Saturday, June 18, 2011

Five People You'll See at the Bruins' Parade

  • Sandwichboard Jesuspants. You know who I'm talking about. The scrawny dude with the turkey neck who hangs out at pretty much every sporting event, holiday gathering, or political rally, adorned in plywood decreeing the coming of the end times, silently distributing poorly aligned literature to the drunk and those who don't know enough to avoid him. Sandwichboard Jesuspants wouldn't miss this one for the rapture itself.
  • Hockey whores. Also known as puck sluts or, at a certain tech school that shall not be named, interior design majors, these women have slept with the entire team. That bear claw painted on her cheek over three layers of hooker makeup decrees to all that she let the fourth line and the backup goalie run train on her in the bathroom at Sully's after every game. God bless her. She'll be at the Squire later on, so be sure to make it rain.
  • Whalers fans. You know who's never going to go extinct? Fans of the Hartford Whalers. These people are nothing if not persistent. Their team died a decade ago and yet they still wear the colors proudly. The Mighty Whale is going to outlast the cockroaches, the Jews, Dick Clark, Ted Williams's frozen head, Twinkies, and everything else modern science tells us can never completely die.

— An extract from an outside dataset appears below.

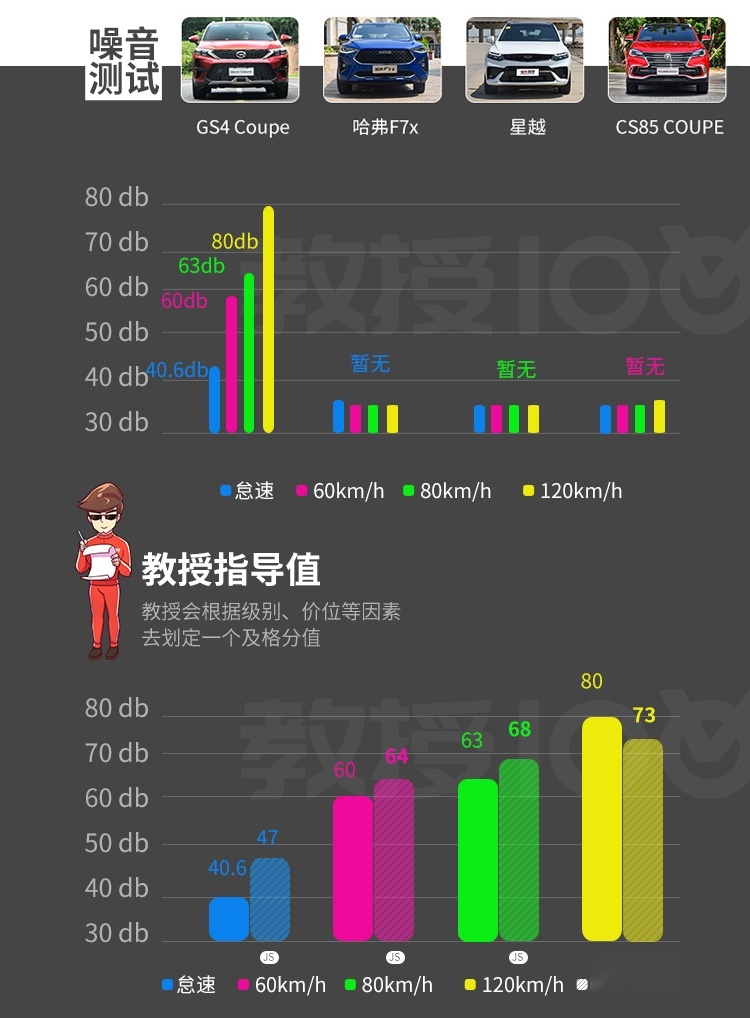 5月上市，内饰有亮点，这款国产SUV能给我们带来惊喜吗？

They'll be there at the parade with smiles on their faces, but Brass Bonanza will be echoing through their heads. Their loyalty to a departed team is one of the most impressive things I've ever seen. Wait–did I just say something nice about someone here? I must be bombed. Oh, I can still spell? Shit, then I'm just going soft.
  • At least one Twittered schlong. You just can't beat the odds on this one. It's going to happen.

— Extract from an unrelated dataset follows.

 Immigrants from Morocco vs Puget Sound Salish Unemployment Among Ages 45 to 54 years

  • Me. I'll be the guy with one arm over a skank in a cut-off Whalers jersey and the other over Sandwichboard Jesuspants, trying vainly to take a picture of my junk with my iPhone.

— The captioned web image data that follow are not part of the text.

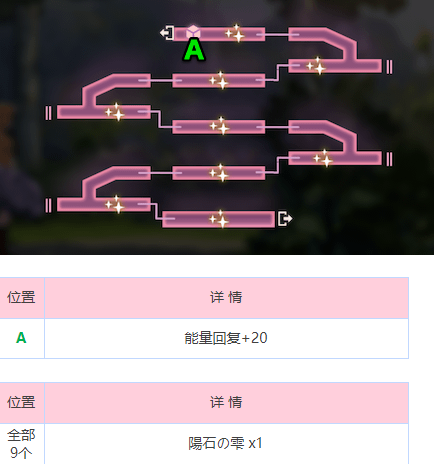 《炽焰天穹》炎之回廊地图攻略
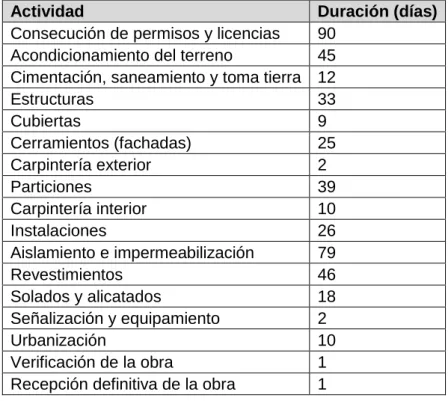 Tabla 11. Actividades y duración 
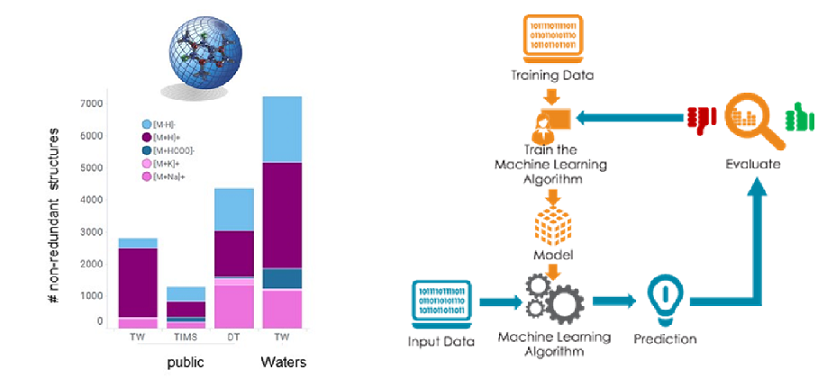 CCS On Demand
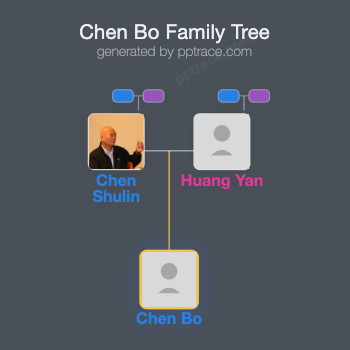 Chen Bo family tree overview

Wait, that last one's bullshit. You couldn't pay me to spend my day in a sea of stupid tourists who think it's funny that they're drunk at noon. Amateurs.

Hmm, this was my 200th post on this piece of crap. That's 200 moments you'll never get back, you big dummy. I think that means I win and now I'm immortal or something because I've ingested many pieces of your soul. Yeah, that's it.